▶ [Task directions]:
The records below hold a stretch from the line with "3* Hotel Treebo Tryst Vakkom Palazzo" through the line with "pool filter balls"; return exactly those lines, ends included, and nothing more.

(Beginning of Records supplied)

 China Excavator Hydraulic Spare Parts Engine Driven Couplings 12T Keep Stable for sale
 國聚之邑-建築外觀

(End of Records supplied)
(Beginning of Records supplied)

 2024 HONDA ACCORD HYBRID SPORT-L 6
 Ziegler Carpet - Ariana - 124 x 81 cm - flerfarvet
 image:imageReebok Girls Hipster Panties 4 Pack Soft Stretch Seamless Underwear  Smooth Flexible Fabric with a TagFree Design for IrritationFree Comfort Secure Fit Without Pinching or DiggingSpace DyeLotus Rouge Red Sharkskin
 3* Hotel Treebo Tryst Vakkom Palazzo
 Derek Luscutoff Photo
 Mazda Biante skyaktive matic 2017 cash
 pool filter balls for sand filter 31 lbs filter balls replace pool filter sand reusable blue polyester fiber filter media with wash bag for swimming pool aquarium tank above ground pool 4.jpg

(End of Records supplied)

▶ [Solution]:
 3* Hotel Treebo Tryst Vakkom Palazzo
 Derek Luscutoff Photo
 Mazda Biante skyaktive matic 2017 cash
 pool filter balls for sand filter 31 lbs filter balls replace pool filter sand reusable blue polyester fiber filter media with wash bag for swimming pool aquarium tank above ground pool 4.jpg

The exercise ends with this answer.